PROBLEM REQUIREMENTS ▸
Each entry below should be retyped exactly as given.

INFORMATION ▸
________
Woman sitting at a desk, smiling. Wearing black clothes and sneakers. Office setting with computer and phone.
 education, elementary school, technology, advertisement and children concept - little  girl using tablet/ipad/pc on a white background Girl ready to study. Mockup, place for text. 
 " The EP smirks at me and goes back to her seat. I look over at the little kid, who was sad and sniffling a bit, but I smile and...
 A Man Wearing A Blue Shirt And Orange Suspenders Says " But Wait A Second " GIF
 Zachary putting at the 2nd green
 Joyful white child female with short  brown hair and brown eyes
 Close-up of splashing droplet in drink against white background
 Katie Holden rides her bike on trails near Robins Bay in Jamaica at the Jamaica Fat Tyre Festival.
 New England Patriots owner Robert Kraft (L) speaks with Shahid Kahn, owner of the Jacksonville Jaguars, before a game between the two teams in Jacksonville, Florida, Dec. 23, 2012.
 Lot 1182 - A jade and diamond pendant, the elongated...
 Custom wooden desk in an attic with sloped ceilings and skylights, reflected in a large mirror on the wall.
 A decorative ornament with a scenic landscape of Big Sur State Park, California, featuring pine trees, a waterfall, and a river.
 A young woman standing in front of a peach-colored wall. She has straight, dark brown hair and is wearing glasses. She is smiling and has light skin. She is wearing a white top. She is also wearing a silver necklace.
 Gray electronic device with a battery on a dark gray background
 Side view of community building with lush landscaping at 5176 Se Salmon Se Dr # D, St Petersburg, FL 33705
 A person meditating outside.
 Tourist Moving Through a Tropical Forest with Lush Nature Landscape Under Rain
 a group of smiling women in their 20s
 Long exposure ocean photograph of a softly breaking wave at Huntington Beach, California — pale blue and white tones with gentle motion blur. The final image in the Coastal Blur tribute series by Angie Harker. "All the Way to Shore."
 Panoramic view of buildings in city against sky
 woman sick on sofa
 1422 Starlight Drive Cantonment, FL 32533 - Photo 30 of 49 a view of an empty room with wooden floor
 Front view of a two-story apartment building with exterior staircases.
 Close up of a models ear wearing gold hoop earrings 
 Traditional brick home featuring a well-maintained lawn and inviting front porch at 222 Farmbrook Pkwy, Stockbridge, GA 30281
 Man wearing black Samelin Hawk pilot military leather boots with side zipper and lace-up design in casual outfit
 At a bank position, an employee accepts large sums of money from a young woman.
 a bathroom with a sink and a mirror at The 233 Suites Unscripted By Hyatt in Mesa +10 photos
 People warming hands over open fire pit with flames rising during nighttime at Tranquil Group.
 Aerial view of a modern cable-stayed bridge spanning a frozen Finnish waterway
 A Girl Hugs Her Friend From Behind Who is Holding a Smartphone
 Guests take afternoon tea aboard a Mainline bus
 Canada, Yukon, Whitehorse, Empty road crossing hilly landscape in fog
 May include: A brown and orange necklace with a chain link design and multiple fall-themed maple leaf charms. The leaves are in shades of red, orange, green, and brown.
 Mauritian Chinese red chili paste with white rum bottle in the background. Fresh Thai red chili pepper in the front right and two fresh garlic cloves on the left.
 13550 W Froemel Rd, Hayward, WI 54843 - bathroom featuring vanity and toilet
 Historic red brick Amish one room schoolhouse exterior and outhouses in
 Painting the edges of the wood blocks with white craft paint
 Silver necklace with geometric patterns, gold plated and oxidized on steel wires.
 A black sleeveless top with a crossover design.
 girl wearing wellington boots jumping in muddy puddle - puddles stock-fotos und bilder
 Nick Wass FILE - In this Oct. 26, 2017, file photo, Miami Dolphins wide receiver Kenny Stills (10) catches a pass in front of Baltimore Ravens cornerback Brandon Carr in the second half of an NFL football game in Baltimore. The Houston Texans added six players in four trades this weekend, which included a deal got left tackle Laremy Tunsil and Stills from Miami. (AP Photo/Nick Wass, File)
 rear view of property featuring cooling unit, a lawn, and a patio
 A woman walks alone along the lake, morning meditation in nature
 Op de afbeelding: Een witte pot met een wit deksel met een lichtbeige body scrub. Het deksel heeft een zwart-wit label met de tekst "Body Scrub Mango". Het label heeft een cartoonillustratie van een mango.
________
OUTPUT OF THE EXERCISE ▸
Woman sitting at a desk, smiling. Wearing black clothes and sneakers. Office setting with computer and phone.
 education, elementary school, technology, advertisement and children concept - little  girl using tablet/ipad/pc on a white background Girl ready to study. Mockup, place for text. 
 " The EP smirks at me and goes back to her seat. I look over at the little kid, who was sad and sniffling a bit, but I smile and...
 A Man Wearing A Blue Shirt And Orange Suspenders Says " But Wait A Second " GIF
 Zachary putting at the 2nd green
 Joyful white child female with short  brown hair and brown eyes
 Close-up of splashing droplet in drink against white background
 Katie Holden rides her bike on trails near Robins Bay in Jamaica at the Jamaica Fat Tyre Festival.
 New England Patriots owner Robert Kraft (L) speaks with Shahid Kahn, owner of the Jacksonville Jaguars, before a game between the two teams in Jacksonville, Florida, Dec. 23, 2012.
 Lot 1182 - A jade and diamond pendant, the elongated...
 Custom wooden desk in an attic with sloped ceilings and skylights, reflected in a large mirror on the wall.
 A decorative ornament with a scenic landscape of Big Sur State Park, California, featuring pine trees, a waterfall, and a river.
 A young woman standing in front of a peach-colored wall. She has straight, dark brown hair and is wearing glasses. She is smiling and has light skin. She is wearing a white top. She is also wearing a silver necklace.
 Gray electronic device with a battery on a dark gray background
 Side view of community building with lush landscaping at 5176 Se Salmon Se Dr # D, St Petersburg, FL 33705
 A person meditating outside.
 Tourist Moving Through a Tropical Forest with Lush Nature Landscape Under Rain
 a group of smiling women in their 20s
 Long exposure ocean photograph of a softly breaking wave at Huntington Beach, California — pale blue and white tones with gentle motion blur. The final image in the Coastal Blur tribute series by Angie Harker. "All the Way to Shore."
 Panoramic view of buildings in city against sky
 woman sick on sofa
 1422 Starlight Drive Cantonment, FL 32533 - Photo 30 of 49 a view of an empty room with wooden floor
 Front view of a two-story apartment building with exterior staircases.
 Close up of a models ear wearing gold hoop earrings 
 Traditional brick home featuring a well-maintained lawn and inviting front porch at 222 Farmbrook Pkwy, Stockbridge, GA 30281
 Man wearing black Samelin Hawk pilot military leather boots with side zipper and lace-up design in casual outfit
 At a bank position, an employee accepts large sums of money from a young woman.
 a bathroom with a sink and a mirror at The 233 Suites Unscripted By Hyatt in Mesa +10 photos
 People warming hands over open fire pit with flames rising during nighttime at Tranquil Group.
 Aerial view of a modern cable-stayed bridge spanning a frozen Finnish waterway
 A Girl Hugs Her Friend From Behind Who is Holding a Smartphone
 Guests take afternoon tea aboard a Mainline bus
 Canada, Yukon, Whitehorse, Empty road crossing hilly landscape in fog
 May include: A brown and orange necklace with a chain link design and multiple fall-themed maple leaf charms. The leaves are in shades of red, orange, green, and brown.
 Mauritian Chinese red chili paste with white rum bottle in the background. Fresh Thai red chili pepper in the front right and two fresh garlic cloves on the left.
 13550 W Froemel Rd, Hayward, WI 54843 - bathroom featuring vanity and toilet
 Historic red brick Amish one room schoolhouse exterior and outhouses in
 Painting the edges of the wood blocks with white craft paint
 Silver necklace with geometric patterns, gold plated and oxidized on steel wires.
 A black sleeveless top with a crossover design.
 girl wearing wellington boots jumping in muddy puddle - puddles stock-fotos und bilder
 Nick Wass FILE - In this Oct. 26, 2017, file photo, Miami Dolphins wide receiver Kenny Stills (10) catches a pass in front of Baltimore Ravens cornerback Brandon Carr in the second half of an NFL football game in Baltimore. The Houston Texans added six players in four trades this weekend, which included a deal got left tackle Laremy Tunsil and Stills from Miami. (AP Photo/Nick Wass, File)
 rear view of property featuring cooling unit, a lawn, and a patio
 A woman walks alone along the lake, morning meditation in nature
 Op de afbeelding: Een witte pot met een wit deksel met een lichtbeige body scrub. Het deksel heeft een zwart-wit label met de tekst "Body Scrub Mango". Het label heeft een cartoonillustratie van een mango.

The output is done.